Lately I have accomplished a more nuanced way of breaking down my distorted cognitions. Example below.
I am getting better at picking apart my distorted thinking patterns. I still get lost in ruminations and maladaptive daydreaming, but so much less than I did last year. I am improving a lot in this area. I need to feel safe to ground in my body so I can really reread and redo the David Burns book once again. I am getting close to that point now.
- All or nothing thinking -- You see things in black and white categories.
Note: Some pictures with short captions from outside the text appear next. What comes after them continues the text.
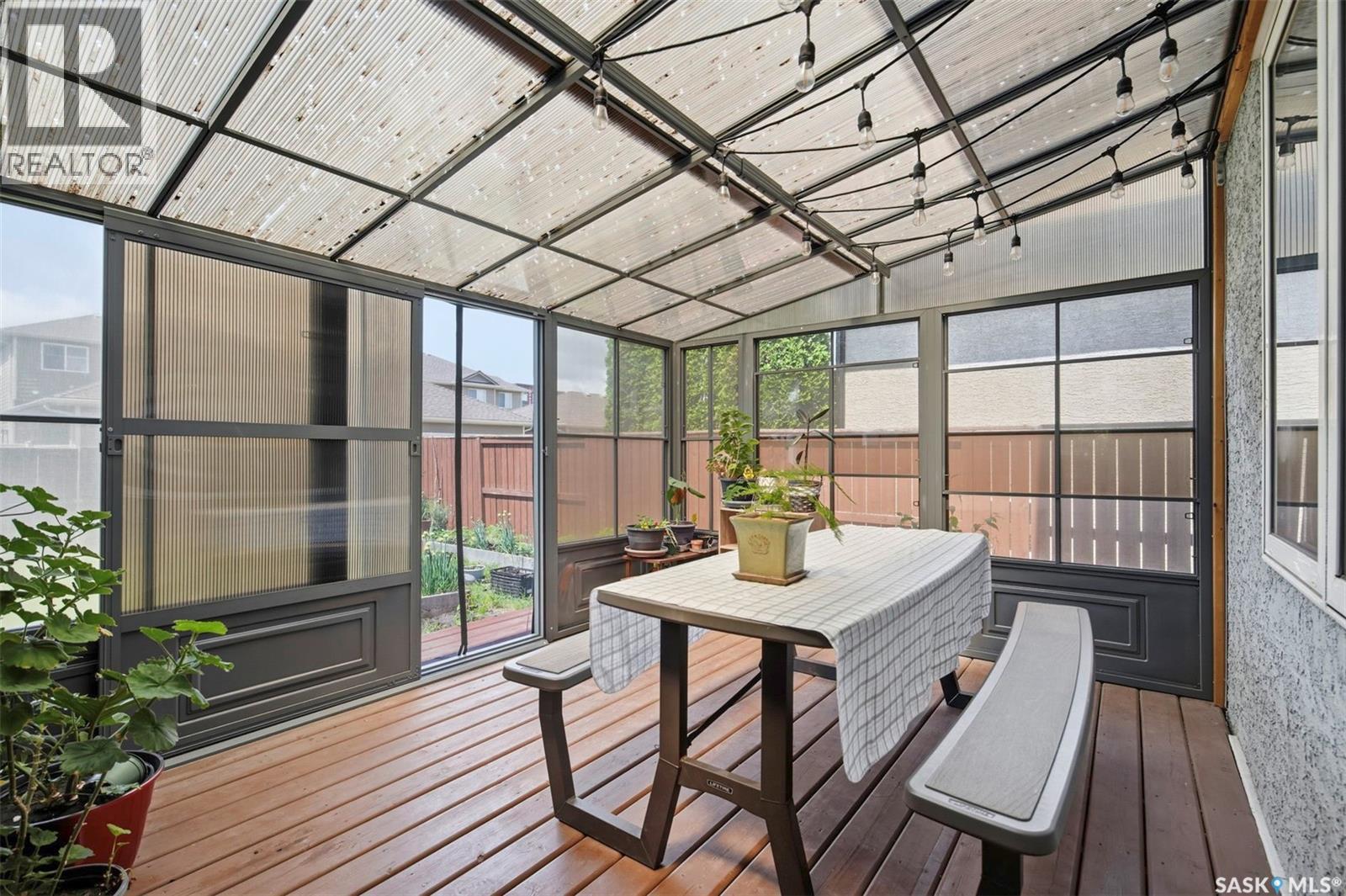 110 Robertson COVE — photo 30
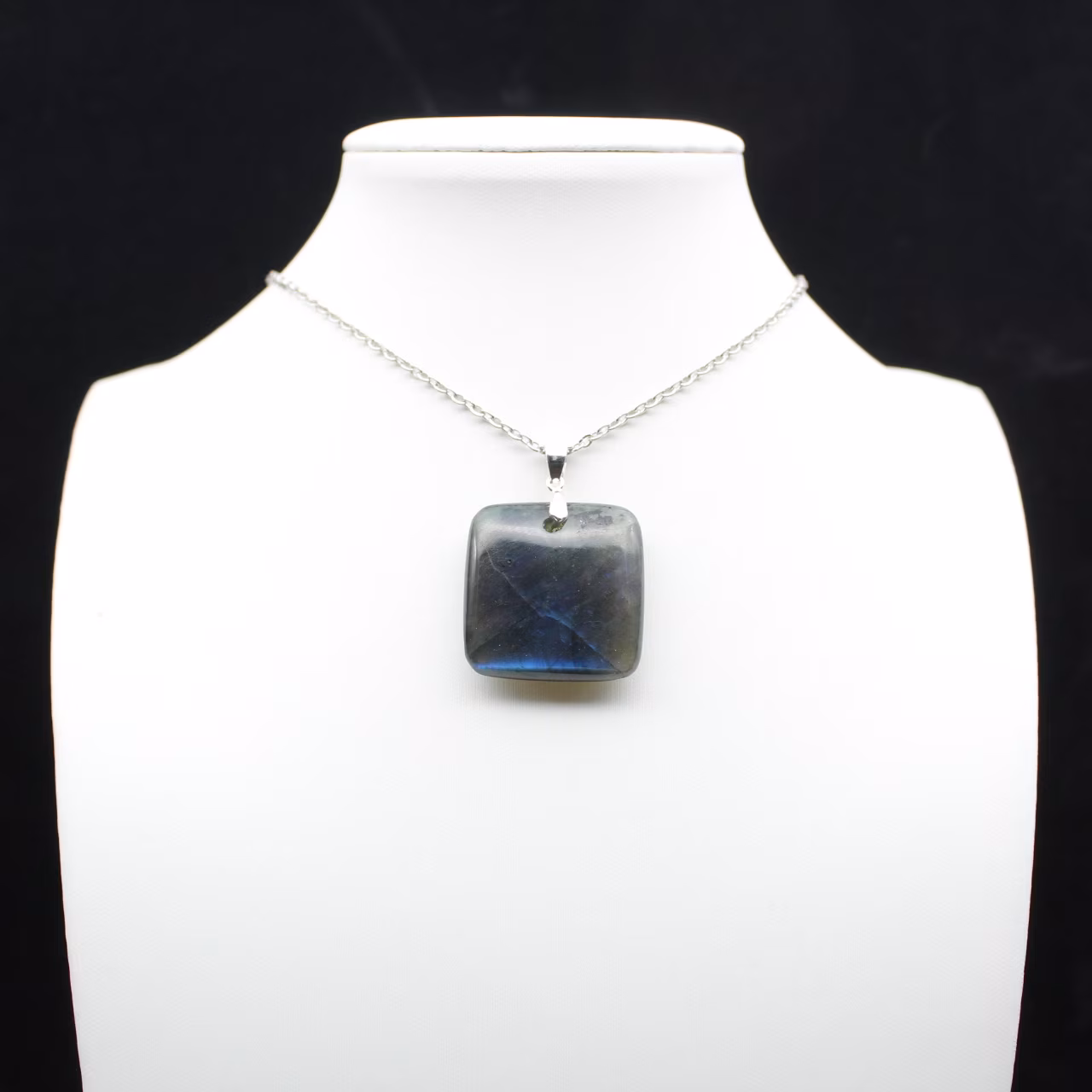 Ciondolo quadrato in labradorite naturale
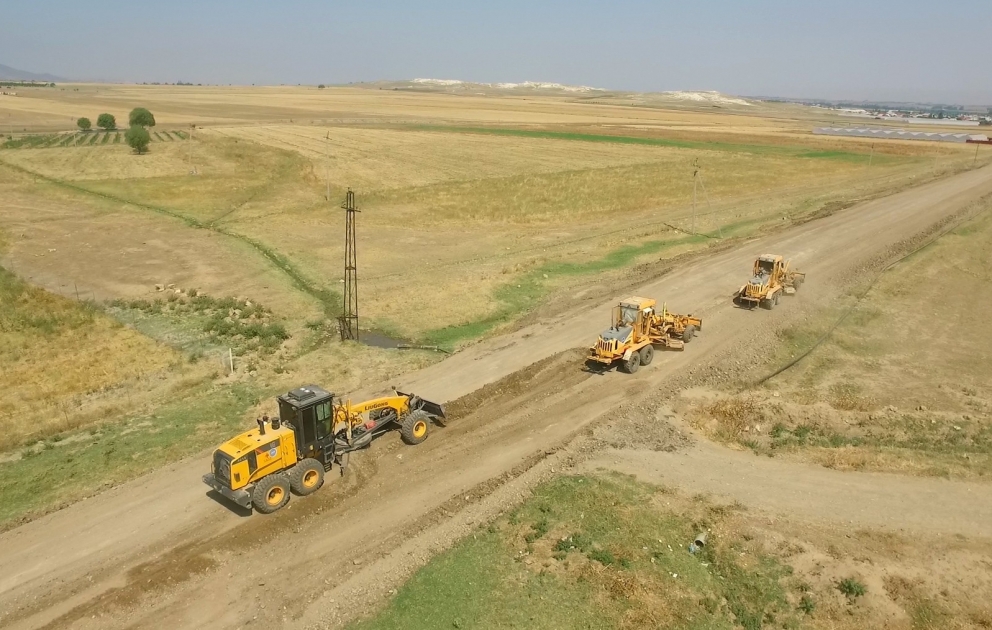 Şəmkirdə 3 istiqamət üzrə 32,9 kilometrlik yol yenidən qurulub VİDEO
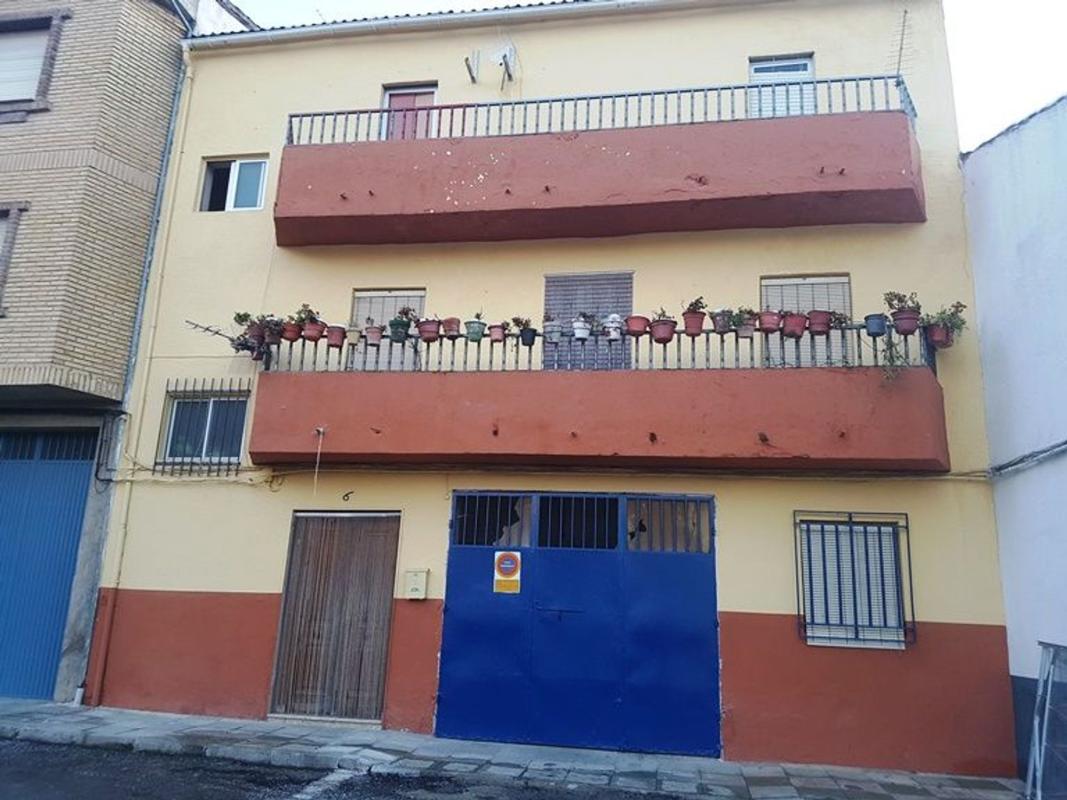 Venta de piso en Piso en Paseo del Obispo, 6, Valdepeñas de Jaén, Valdepeñas de Jaén
photo 1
If your performance falls short of perfect, you see yourself as a total failure.
- Over-generalization -- You see a single negative event as a never-ending pattern of defeat.
- Mental filter -- You pick out a single negative detail and dwell on it so exclusively that your vision of all reality becomes darkened, like the drop of ink that colors the entire beaker of water.
- Disqualifying the positive -- You reject positive experiences by insisting they "don't count" for some reason or other. In this way you can maintain a negative belief that is contradicted by your everyday experiences.
- Jumping to conclusions -- You make a negative interpretation even though there are no definite facts that convincingly support your conclusion. (Involves mind-reading and fortune-telling.)
- Magnification and minimization -- You exaggerate the importance of things, or you inappropriately shrink things until they appear tiny.
- Emotional reasoning -- You assume that your emotions necessarily reflect the way things really are, as in "I feel it, therefore it must be true."
- Should statements -- You try to motivate yourself with "should" and "should not," as if you have to be whipped and punished before you could be expected to do anything.
- Labeling and mislabeling -- This is an extreme form of overgeneralization. Instead of describing your error, you attach a negative label to yourself.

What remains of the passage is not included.